Of course the major supporter of the SAS language is the company itself. With the recent departure of another high profile executive, the head of R&D, and the disclosure they are loosing money, a cloud of uncertainty hangs over the organization. The past few years have seen virtually all seasoned executives walk out the door. Andre Boisvert, Mikael Hagstrom, Jim Davis, Carl Farrell, Oliver Schabenberger, were all heirs apparent to the future of the company until they weren’t. With the majority owner and CEO nearing his 80th birthday, and no public succession plan, regulators seem increasingly concerned by their industries reliance on this single point of failure. Software can’t be guaranteed to work forever. Time-bombs can and do exist in software, as the recent “Y2K” problem (YEARCUTOFF=1920 option) clearly demonstrated. A systemic failure of the SAS language right now could be catastrophic for any of these industries.

Are we looking at a downward spiral for the SAS language? As companies abandon the language, regulators are taking note, and at some point they will expect the rest of the industry to follow suit. Financial leader Capital One, has completely removed SAS language processes, and have been leveraging Databricks and Apache Spark for over 5 years to meet regulatory requirements. How long until regulators take concrete action on the laggards depends on many of factors. One large wildcard, is one in which we all have to face, our own declining health and mortality.
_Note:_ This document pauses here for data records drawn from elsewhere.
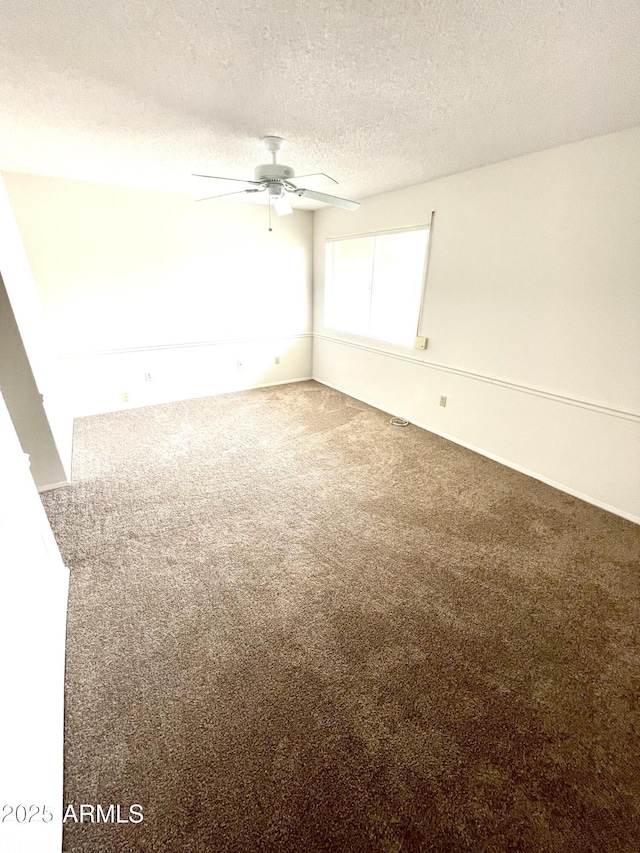 4330 E Beck Ln, Phoenix, AZ 85032 - empty room featuring a textured ceiling, carpet, and a ceiling fan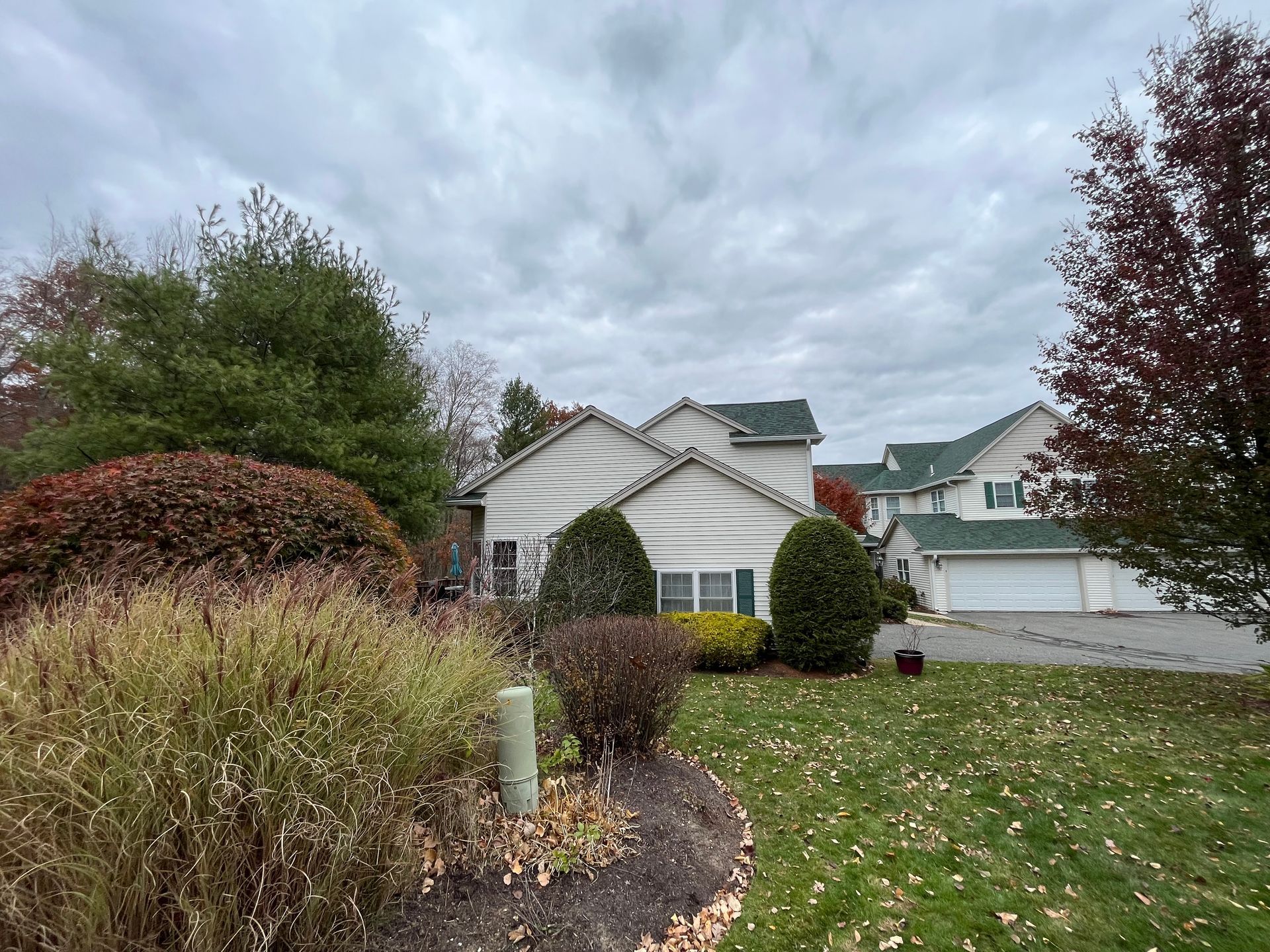 Suburban house with white siding, green lawn, autumn shrubs, and cloudy sky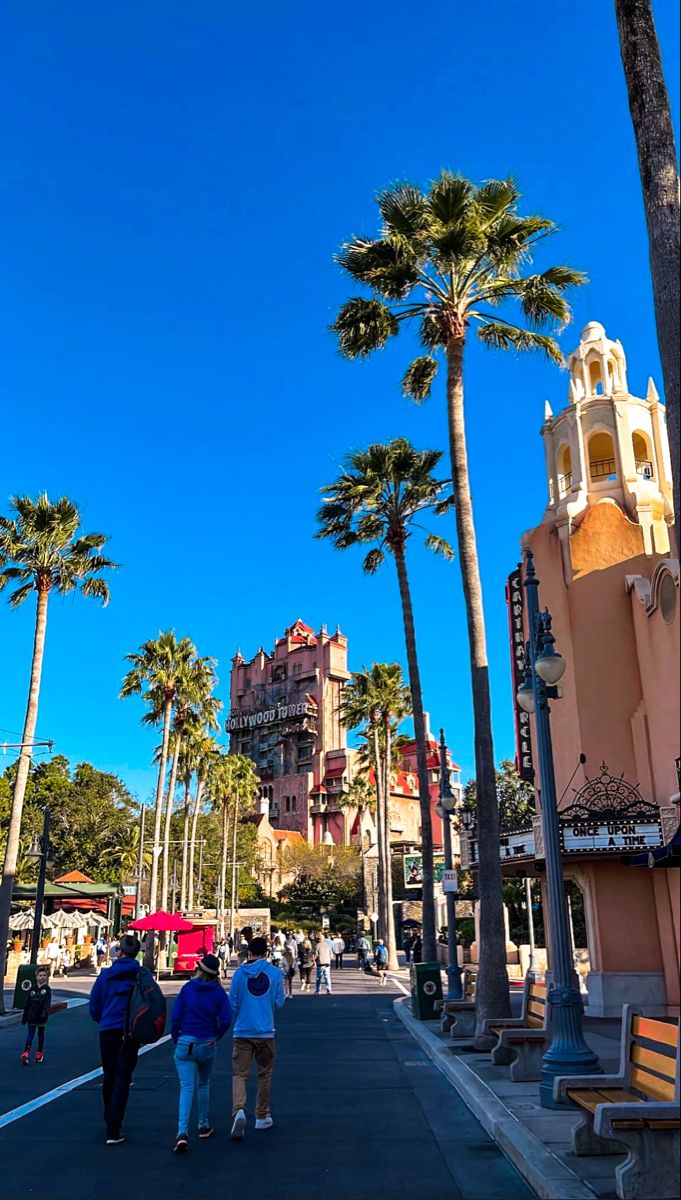 people walking down the street in front of buildings and palm trees on a sunny day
Too-big-to-fail is often spoken of in a negative connotation, especially around the health of companies. The SAS language is currently only supported by 2 proprietary software companies, neither one of which is currently growing in revenue, profitability or headcount, despite exponential growth in the industry overall. Too-big-to-fail takes on an entirely different connotation when it comes to Open Source Software. It effectively means you’ve hit a critical mass by which the community is self-supported indefinitely, as is clearly the case with PySpark.

With such fervor and interest in PySpark, it’s not a matter of if, but when regulators will step in and mandate open data and analytics standards. It’s time for organizations to start embracing the future, before they find themselves scrambling to meet new regulations.